An export plan checklist
An export plan checklist
Good planning is essential to successful exporting. So before you begin, make sure you give careful consideration to these important steps.
You should draw up an individual export plan for your business with the advice of your International Trade Managers and trade advisers, but our checklist can help you identify the most important aspects you need to consider.
Are you ready to export?
The idea of increased sales through export needs to be tempered by the reality of committing time, manpower and finance to a business investment that probably won’t see a return for the first year. So it’s important to think seriously if your business is in a position to start exporting.
You’ll need to consider if your product meets overseas regulations and standards or if it will need modifications. And if you have a patent or trademark here in the UK, it won’t be recognised in other countries so you’ll need to take the necessary steps to protect your intellectual property abroad.
Associations like the UKTI and Chambers of Commerce can provide free, expert assessments to help you decide if you’re ready to export.
Identify your market
Trade advisers through organisations like the UKTI or Chambers of Commerce can provide you with valuable information and advise you on the markets with the most potential for your business. Of course, you’ll need to consider if you want to benefit from the ease of established markets – like open trade with the EU – or take on the greater complexity involved with high growth and emerging markets.
Research your market
Once you’ve identified your market, you should learn everything you can about it – the culture, the economic and political environment, the customs, the markets, how business is conducted, the competition you’ll face, etc.
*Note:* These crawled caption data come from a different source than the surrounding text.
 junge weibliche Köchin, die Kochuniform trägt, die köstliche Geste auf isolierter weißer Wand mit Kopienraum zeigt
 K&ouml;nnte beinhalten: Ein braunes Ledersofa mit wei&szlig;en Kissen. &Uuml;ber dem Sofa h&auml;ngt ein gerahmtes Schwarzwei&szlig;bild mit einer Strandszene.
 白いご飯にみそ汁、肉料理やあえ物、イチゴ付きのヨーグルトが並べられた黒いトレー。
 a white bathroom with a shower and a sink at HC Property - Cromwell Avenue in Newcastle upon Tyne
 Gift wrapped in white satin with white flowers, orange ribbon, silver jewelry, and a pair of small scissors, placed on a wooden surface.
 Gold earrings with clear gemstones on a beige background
There are a number of ways in which you can source country information – through the UKTI, Chambers of Commerce, governments, international trade bodies and more. But actually visiting your intended market is really important. It enables you to experience the business culture first-hand, test the market, meet potential partners, distributors and agents and attract customers.
Associations like the UKTI and Chambers of Commerce offer a wide range of services to help with overseas visits, including finance, interpreters, introductions to potential business partners, help with identifying local agents/distributors, etc.
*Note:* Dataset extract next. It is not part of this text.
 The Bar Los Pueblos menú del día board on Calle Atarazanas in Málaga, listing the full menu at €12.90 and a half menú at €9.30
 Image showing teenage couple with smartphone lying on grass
Decide how you’re going to sell overseas
How you decide to get your products to market depends on what they are, where they’re going and how involved you want to be in getting them there. Typically, there are 4 options:
- Selling direct from the UK – when you include website sales, 90% of UK businesses export directly 1. This could be because they only expect a small number of orders, their customers are spread across many countries or they want to ensure the quality of their product.
- Using distributors – you sell your products to them and they sell them on locally.
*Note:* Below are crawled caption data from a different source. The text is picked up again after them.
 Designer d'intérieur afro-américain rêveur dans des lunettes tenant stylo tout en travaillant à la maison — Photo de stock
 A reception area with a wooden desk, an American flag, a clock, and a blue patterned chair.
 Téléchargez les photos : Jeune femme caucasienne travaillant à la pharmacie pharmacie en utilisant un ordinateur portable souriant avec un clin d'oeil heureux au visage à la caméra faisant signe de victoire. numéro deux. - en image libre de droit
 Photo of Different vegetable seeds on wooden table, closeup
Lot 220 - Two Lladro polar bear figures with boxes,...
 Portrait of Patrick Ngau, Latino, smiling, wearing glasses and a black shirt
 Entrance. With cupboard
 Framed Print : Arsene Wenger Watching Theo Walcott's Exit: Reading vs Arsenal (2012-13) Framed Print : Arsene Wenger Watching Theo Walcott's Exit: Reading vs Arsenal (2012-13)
Using agents – they sell your products on your behalf, or introduce you to potential customers on a commission basis.
Over 40% of UK businesses export through distributors and/or agents, finding that their local market knowledge helps to better identify potential customers and handle logistics 1. It’s important than these relationships are managed by clear contracts that define each party’s responsibilities.
- Joint venture – you go into partnership with a local business.
Promoting your product
How you promote your product and business here in the UK won’t necessarily work abroad. You’ll need to consider the obvious language differences, as well as the cultural approaches to marketing and what the competition is doing.
If you’re selling online, it’s important that you translate the relevant pages of your website – both from a search engine point of view so that local customers can find your site but also because people are more likely to purchase in their own language.
Protect against payment risks
Managing financial risk is a vital part of exporting, whether it’s payment issues or exchange rate considerations.
You can help protect your business against non-payment and political or economic situations with the right insurance. Barclays Business Abroad gives you the tools and services you need to make the most of your international opportunities.
Your International Trade Managers can advise you further on payment risks, as the best route forward will depend on your business, customers, product and market conditions.
Deliver your products
Shipping products internationally can be a complex process, which is probably why most UK businesses choose to use freight forwarders to handle the logistics and required paperwork.
It’s important that you have clear contracts in place that define who is responsible for your products at every stage of transit and you should ensure that they are insured, either by yourself or by the importer.
If you decide to manage delivery yourself, trade advisers from organisations like the Chambers of Commerce or UKTI can provide you with guidance.
Keep in touch
Just like in the UK, you should maintain regular contact with your customers, agents, distributors and partners,in order to build strong working relationships. You should also keep an eye on the economic and political environment of your destination country to make sure that you’re in a position to respond quickly to any changes that may impact your exporting.